WHAT IS EXPECTED »
Only the lines from the opening of the material through the line bearing "Перчатки боксерские Knockout" should be reproduced, exactly and without pictures.
*** Opening of INFORMATION ***
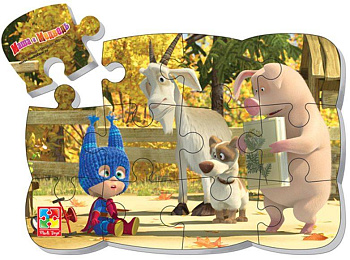 Пазлы на магните Маша и Медведь "Маша супер-герой" Пазлы на магните Маша и Медведь "Маша супер-герой"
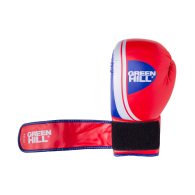Перчатки боксерские Knockout BGK-2266, 8oz, к/з, красный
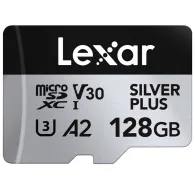Memory Cards - LEXAR MICROSDXC PROFESSIONAL SILVER PLUS UHS-I/U3/A2/4K R205/W150 (V30) 128GB LMSSIPL128G-BNANG - quick order from manufacturerMemory Cards - LEXAR MICROSDXC PROFESSIONAL SILVER PLUS UHS-I/U3/A2/4K R205/W150 (V30) 128GB LMSSIPL128G-BNANG - quick order from manufacturer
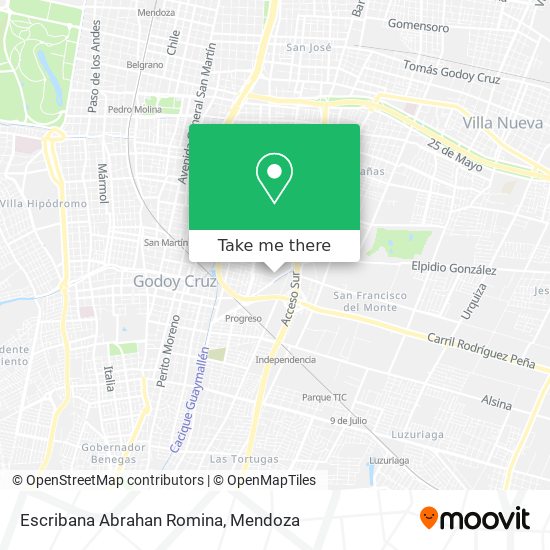 Mapa de Escribana Abrahan Romina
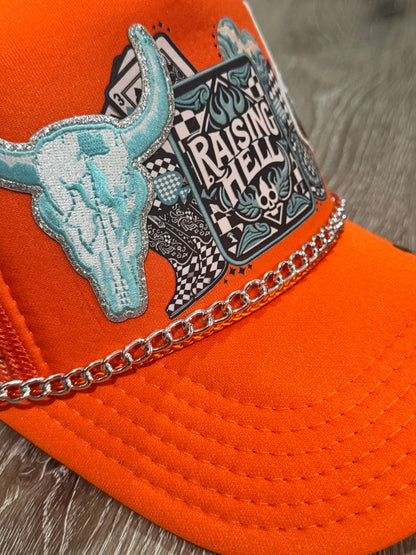 Raising Hell Western Trucker Hat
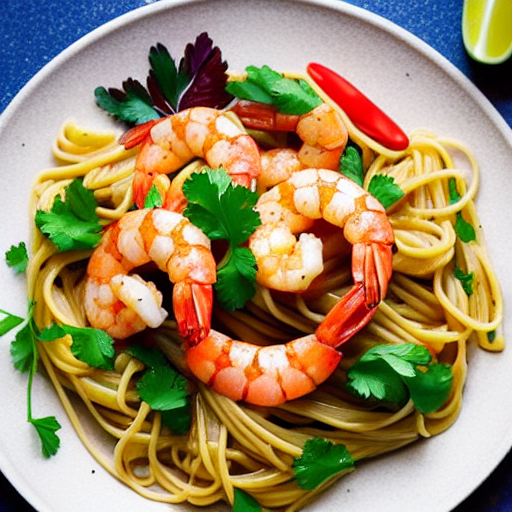 Espaguetis con Gambas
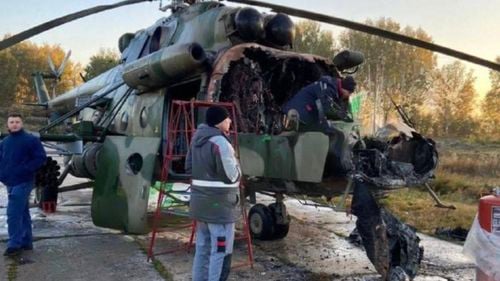 Doi adolescenți ruși, arestați pentru incendierea unui elicopter militar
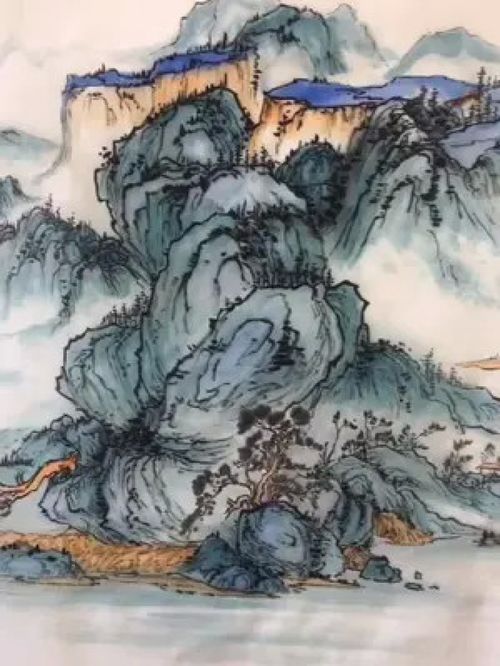 原创 绘画 画画 手绘 每日一画 艺术 传统文化 画画使我快乐 想画就画 手艺人 泼彩山水 匠心制作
*** Close of INFORMATION ***
RESPONSE »
 Пазлы на магните Маша и Медведь "Маша супер-герой" Пазлы на магните Маша и Медведь "Маша супер-герой"
Перчатки боксерские Knockout BGK-2266, 8oz, к/з, красный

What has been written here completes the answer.